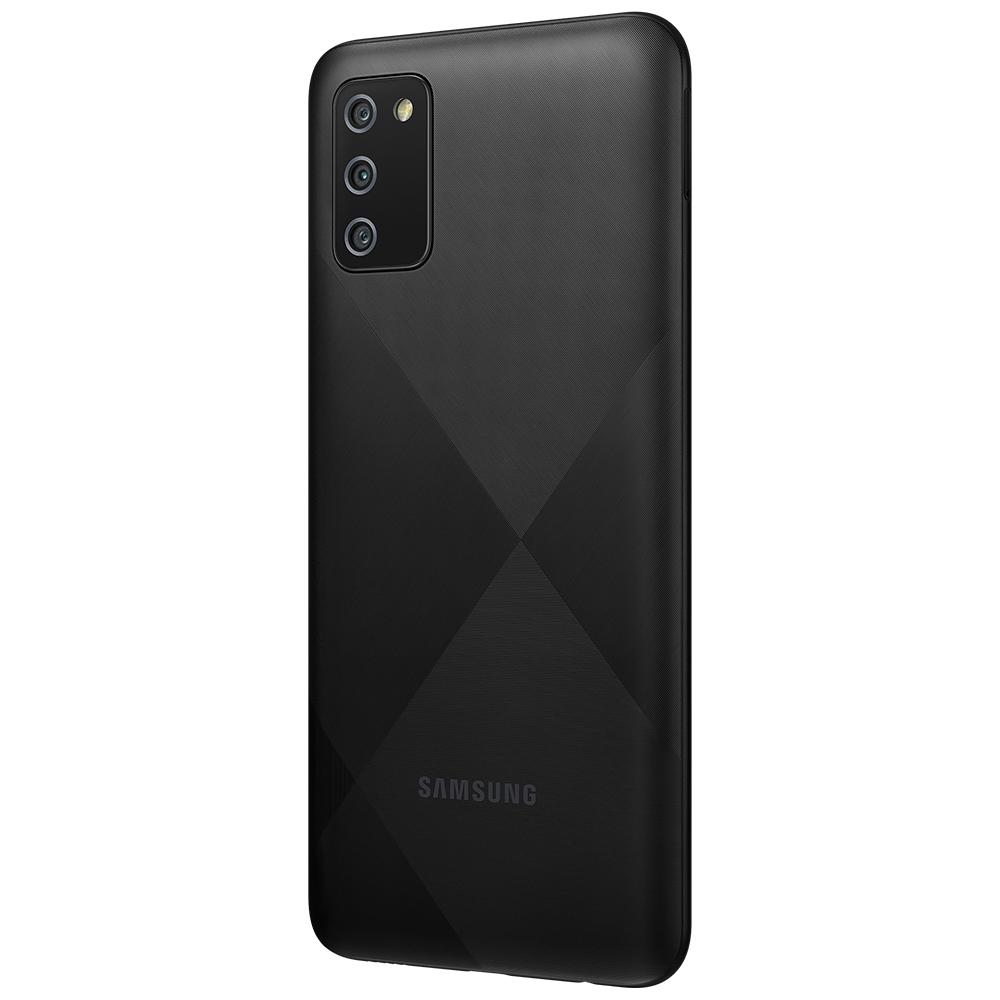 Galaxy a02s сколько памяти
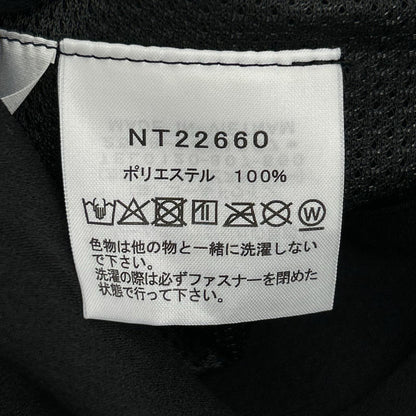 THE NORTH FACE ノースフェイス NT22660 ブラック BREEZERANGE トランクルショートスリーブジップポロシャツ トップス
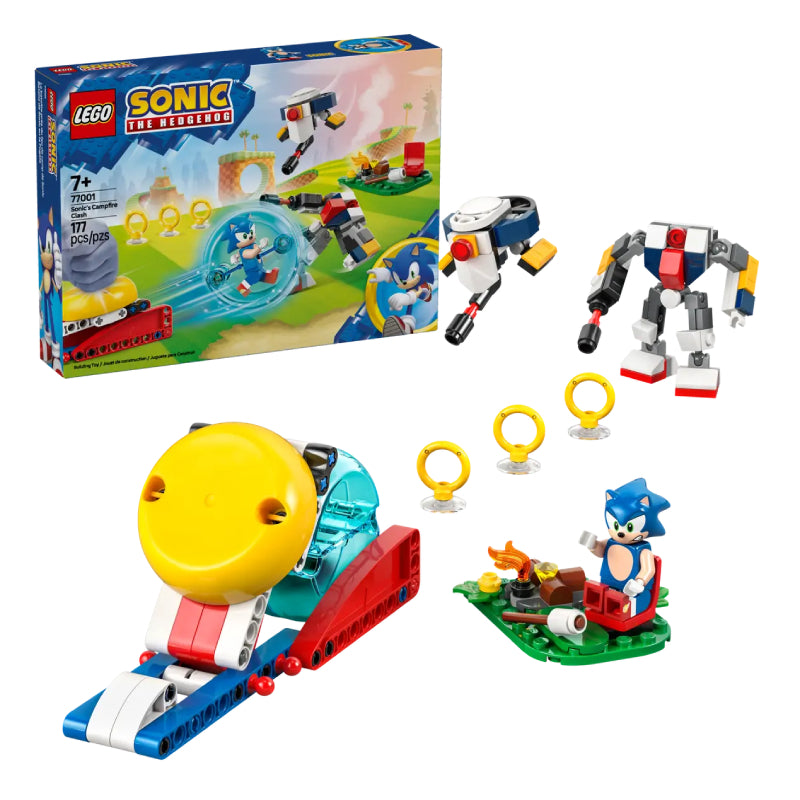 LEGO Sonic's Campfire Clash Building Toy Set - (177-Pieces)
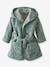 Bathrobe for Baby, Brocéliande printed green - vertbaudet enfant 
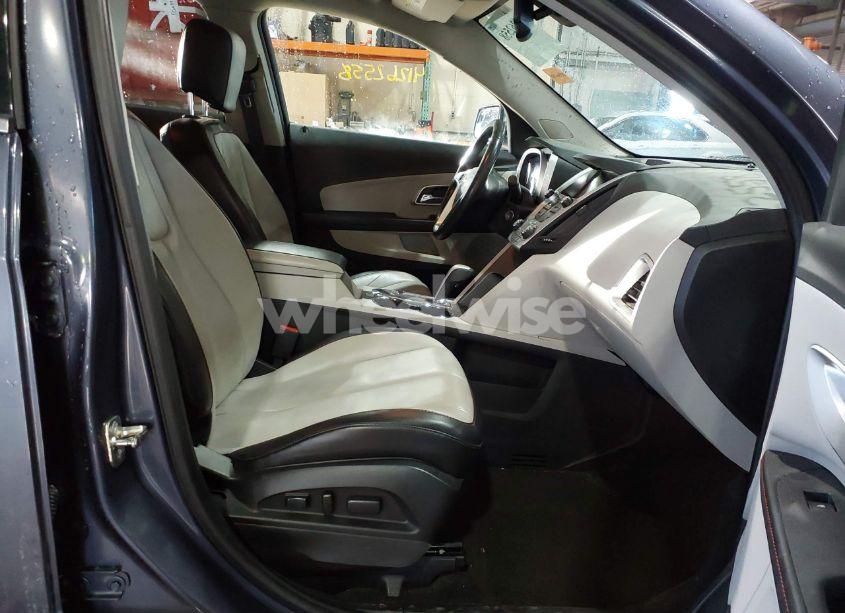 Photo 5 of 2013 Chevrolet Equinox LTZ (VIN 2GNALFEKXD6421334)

...

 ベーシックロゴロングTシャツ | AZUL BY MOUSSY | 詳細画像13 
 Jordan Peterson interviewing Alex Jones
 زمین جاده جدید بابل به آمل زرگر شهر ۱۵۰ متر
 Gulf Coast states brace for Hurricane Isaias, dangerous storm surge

> **PROBLEM**: Copy exactly the lines of the listing above between the one holding "LEGO Sonic's Campfire" and the one holding "Photo 5 of 2013", inclusive; omit all pictures.

> **TASK OUTPUT**:
 LEGO Sonic's Campfire Clash Building Toy Set - (177-Pieces)
 Bathrobe for Baby, Brocéliande printed green - vertbaudet enfant 
 Photo 5 of 2013 Chevrolet Equinox LTZ (VIN 2GNALFEKXD6421334)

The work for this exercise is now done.